These interim financial statements have been prepared under the historical
cost convention.
These interim financial statements have been prepared in accordance with the
accounting policies set out in the most recently available public
information, which are based on the recognition and measurement principles
of IFRS in issue as adopted by the European Union (EU) and are effective at
31 May 2008 or are expected to be adopted and effective at 31 May 2008, The
financial information for the six months ended 30 November 2008 and the six
month period 30 November 2007 are unaudited and do not constitute the groups
statutory financial statements for these periods.

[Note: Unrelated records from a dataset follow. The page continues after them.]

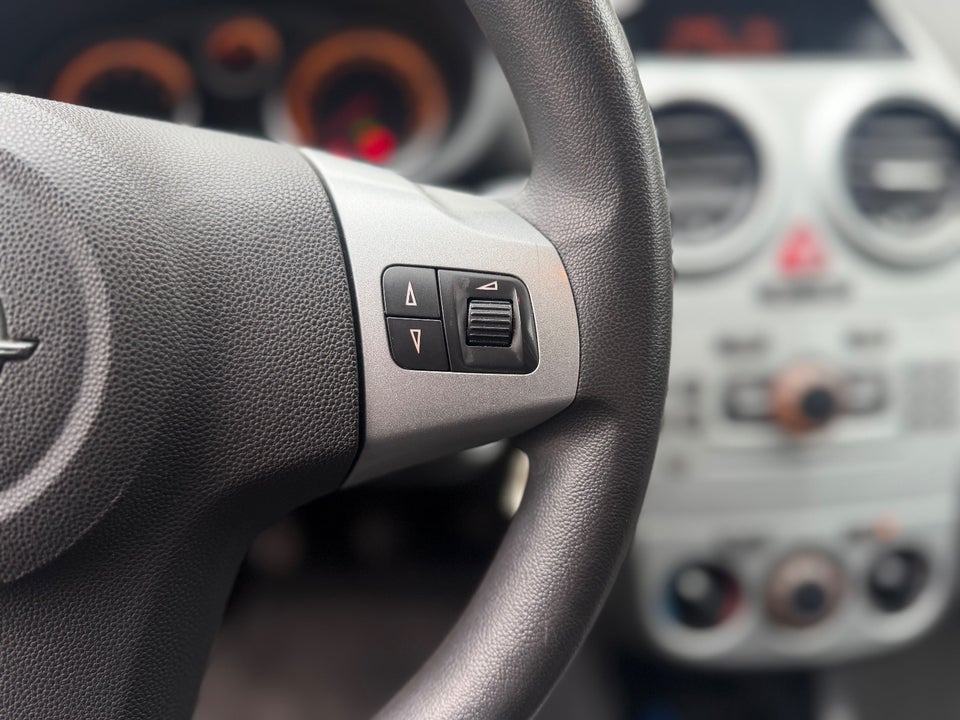 Opel Corsa 1,2 16V Cosmo 5d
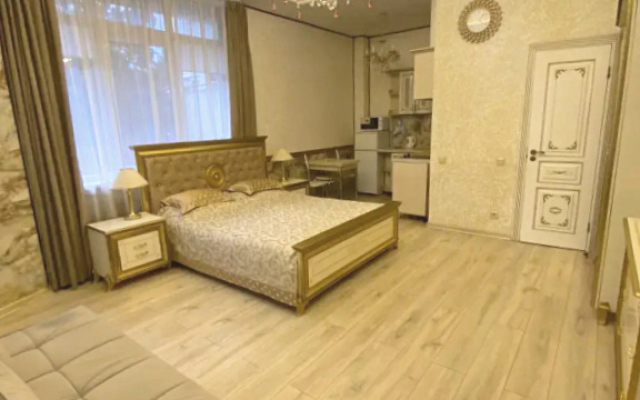 V Tsentre Goroda Na Beregu Morya Apartments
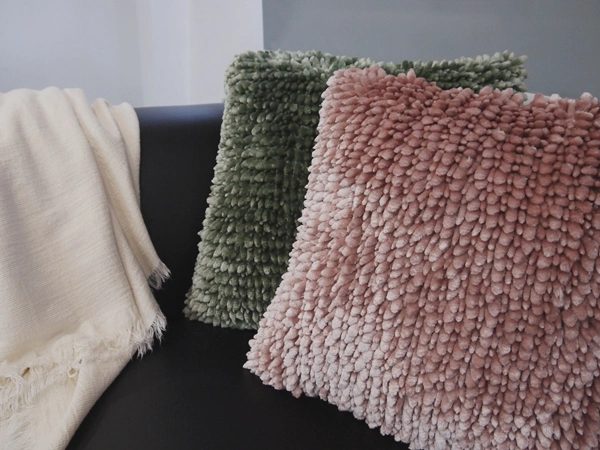 Best Selling Luxury Massage Cushions Digi Velvet Fabric Plush Pillows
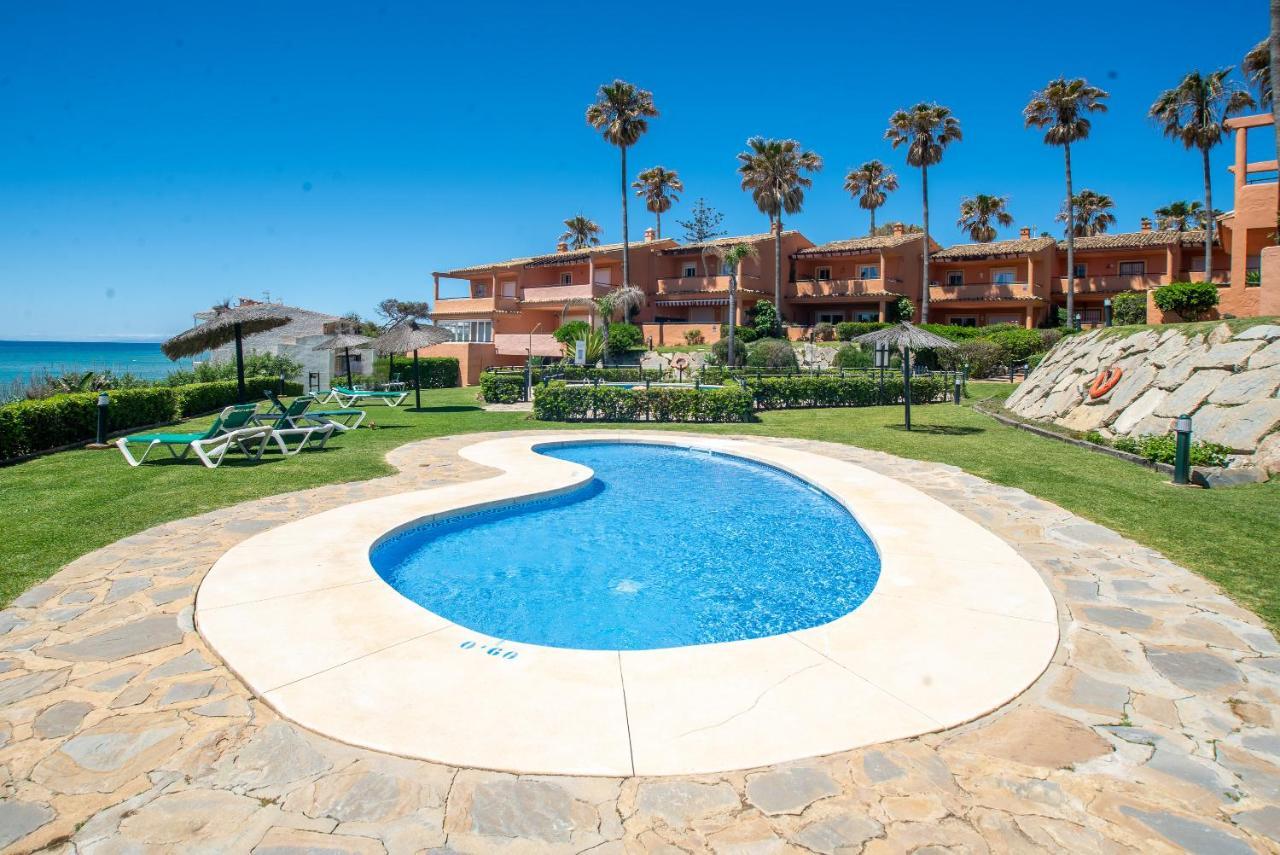 Fantastic Beachfront Apartment Estepona Exterior photo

The accounting policies
have been applied consistently throughout the Group for the purposes of
preparation of these interim financial statements.
BASIS OF CONSOLIDATION
The financial statements consolidate the results, cash flows and assets and
liabilities of the company and its wholly owned subsidiary undertaking, 1pm
(UK) Ltd.
2 TAXATION
Taxation charged for the period ended 30 November 2008 is calculated by
applying the directors' best estimate of the annual tax rate to the result
for the period.
3 SHARE CAPITAL
As at 30 November 2008, the company had an authorised share capital of
766,462,229 ordinary shares of £0.0006818p each, of which 766,462,229 had
been issued and were fully paid.
4 EARNINGS PER ORDINARY SHARE
The earnings per ordinary share has been calculated using the profit for the
period and the weighted average number of ordinary shares in issue during
the period as follows:
Six months to
30 November 2008
£
Profit/(loss) for the period after taxation (3,104)
========
Number
Basic weighted average of ordinary shares of 1p each 631,933,541
========
pps
Basic earnings (pence per share) (0.0000049)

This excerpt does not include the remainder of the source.